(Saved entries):
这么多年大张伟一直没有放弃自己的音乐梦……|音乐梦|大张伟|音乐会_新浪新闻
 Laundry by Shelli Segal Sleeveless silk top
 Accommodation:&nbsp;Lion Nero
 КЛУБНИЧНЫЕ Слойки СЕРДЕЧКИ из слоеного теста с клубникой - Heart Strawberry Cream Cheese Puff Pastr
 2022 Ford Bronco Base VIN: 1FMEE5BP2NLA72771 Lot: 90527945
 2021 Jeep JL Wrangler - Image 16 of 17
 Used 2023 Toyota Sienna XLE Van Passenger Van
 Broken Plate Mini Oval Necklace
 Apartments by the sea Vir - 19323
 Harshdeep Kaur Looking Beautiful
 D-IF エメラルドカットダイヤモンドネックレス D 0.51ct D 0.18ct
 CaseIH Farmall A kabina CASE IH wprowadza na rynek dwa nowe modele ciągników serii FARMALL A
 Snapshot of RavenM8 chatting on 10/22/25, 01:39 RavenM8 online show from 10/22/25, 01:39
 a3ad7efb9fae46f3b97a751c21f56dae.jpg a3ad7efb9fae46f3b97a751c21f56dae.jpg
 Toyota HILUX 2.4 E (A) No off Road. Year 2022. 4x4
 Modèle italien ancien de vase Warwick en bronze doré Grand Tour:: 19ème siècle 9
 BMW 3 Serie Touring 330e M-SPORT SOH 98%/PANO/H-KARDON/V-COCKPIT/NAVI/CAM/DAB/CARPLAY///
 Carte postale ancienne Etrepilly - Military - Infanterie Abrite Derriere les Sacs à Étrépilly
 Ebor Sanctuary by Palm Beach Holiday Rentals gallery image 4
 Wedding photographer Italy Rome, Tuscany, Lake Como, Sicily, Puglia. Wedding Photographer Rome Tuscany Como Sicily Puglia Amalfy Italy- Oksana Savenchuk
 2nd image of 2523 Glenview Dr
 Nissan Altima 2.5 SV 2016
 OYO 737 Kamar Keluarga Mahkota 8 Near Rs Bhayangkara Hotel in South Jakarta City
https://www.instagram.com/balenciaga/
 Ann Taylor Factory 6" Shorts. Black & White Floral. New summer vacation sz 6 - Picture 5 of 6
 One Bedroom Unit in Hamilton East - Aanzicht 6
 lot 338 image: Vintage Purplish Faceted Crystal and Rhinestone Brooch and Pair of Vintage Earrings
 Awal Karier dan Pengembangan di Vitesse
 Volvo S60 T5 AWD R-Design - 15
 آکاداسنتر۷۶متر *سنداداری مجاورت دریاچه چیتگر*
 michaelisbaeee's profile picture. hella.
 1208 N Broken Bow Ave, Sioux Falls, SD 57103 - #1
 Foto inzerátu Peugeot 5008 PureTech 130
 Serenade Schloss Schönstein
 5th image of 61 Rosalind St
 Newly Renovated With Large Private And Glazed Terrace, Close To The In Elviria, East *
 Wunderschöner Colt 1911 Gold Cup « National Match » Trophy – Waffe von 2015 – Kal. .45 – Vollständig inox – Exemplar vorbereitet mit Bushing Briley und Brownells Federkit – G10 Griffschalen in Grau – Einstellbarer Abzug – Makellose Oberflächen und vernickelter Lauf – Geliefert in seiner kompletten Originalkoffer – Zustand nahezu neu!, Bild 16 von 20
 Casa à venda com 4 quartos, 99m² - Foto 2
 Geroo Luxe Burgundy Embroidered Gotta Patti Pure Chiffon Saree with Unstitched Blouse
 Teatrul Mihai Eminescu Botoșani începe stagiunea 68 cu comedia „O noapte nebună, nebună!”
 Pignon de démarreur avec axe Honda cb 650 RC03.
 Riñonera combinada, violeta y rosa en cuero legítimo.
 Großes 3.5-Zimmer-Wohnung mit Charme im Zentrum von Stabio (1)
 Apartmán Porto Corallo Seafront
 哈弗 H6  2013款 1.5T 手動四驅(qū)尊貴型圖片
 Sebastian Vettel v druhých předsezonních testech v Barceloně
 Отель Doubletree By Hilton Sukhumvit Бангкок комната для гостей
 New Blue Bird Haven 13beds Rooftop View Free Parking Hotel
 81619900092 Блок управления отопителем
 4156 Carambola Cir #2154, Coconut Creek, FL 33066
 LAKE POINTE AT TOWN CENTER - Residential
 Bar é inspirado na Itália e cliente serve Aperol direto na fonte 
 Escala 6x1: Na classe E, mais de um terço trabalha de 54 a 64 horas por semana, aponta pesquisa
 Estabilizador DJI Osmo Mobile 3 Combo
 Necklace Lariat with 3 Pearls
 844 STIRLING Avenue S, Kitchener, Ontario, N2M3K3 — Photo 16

(What you need to do):
Reproduce the lines from the one containing "Apartmán Porto Corallo Seafront" to the end of the entries, keeping both ends and adding nothing.

(Response area):
 Apartmán Porto Corallo Seafront
 哈弗 H6  2013款 1.5T 手動四驅(qū)尊貴型圖片
 Sebastian Vettel v druhých předsezonních testech v Barceloně
 Отель Doubletree By Hilton Sukhumvit Бангкок комната для гостей
 New Blue Bird Haven 13beds Rooftop View Free Parking Hotel
 81619900092 Блок управления отопителем
 4156 Carambola Cir #2154, Coconut Creek, FL 33066
 LAKE POINTE AT TOWN CENTER - Residential
 Bar é inspirado na Itália e cliente serve Aperol direto na fonte 
 Escala 6x1: Na classe E, mais de um terço trabalha de 54 a 64 horas por semana, aponta pesquisa
 Estabilizador DJI Osmo Mobile 3 Combo
 Necklace Lariat with 3 Pearls
 844 STIRLING Avenue S, Kitchener, Ontario, N2M3K3 — Photo 16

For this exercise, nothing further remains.